**What you should do**
Would you please repeat, word for word, only the lines from the one holding "Tranquil Courtyard Garden" through the one holding "Wado Ryu Karate" in the material below, without the pictures?

**Information**
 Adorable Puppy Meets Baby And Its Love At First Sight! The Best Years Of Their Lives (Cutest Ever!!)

...

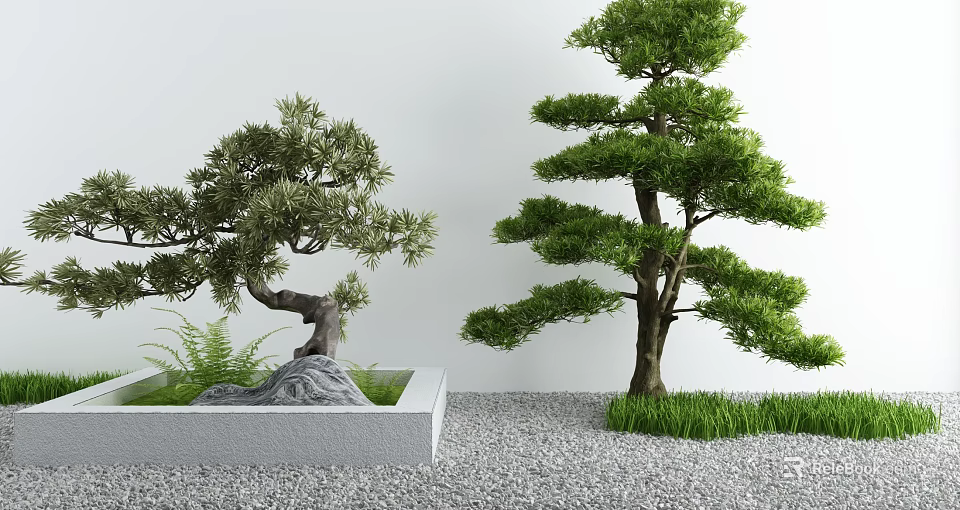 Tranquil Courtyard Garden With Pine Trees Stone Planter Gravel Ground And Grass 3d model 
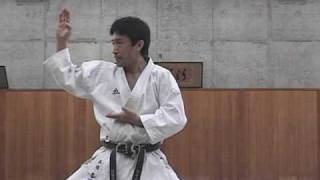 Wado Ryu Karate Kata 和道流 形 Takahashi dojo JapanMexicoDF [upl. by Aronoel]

**Response area**
 Tranquil Courtyard Garden With Pine Trees Stone Planter Gravel Ground And Grass 3d model 
 Wado Ryu Karate Kata 和道流 形 Takahashi dojo JapanMexicoDF [upl. by Aronoel]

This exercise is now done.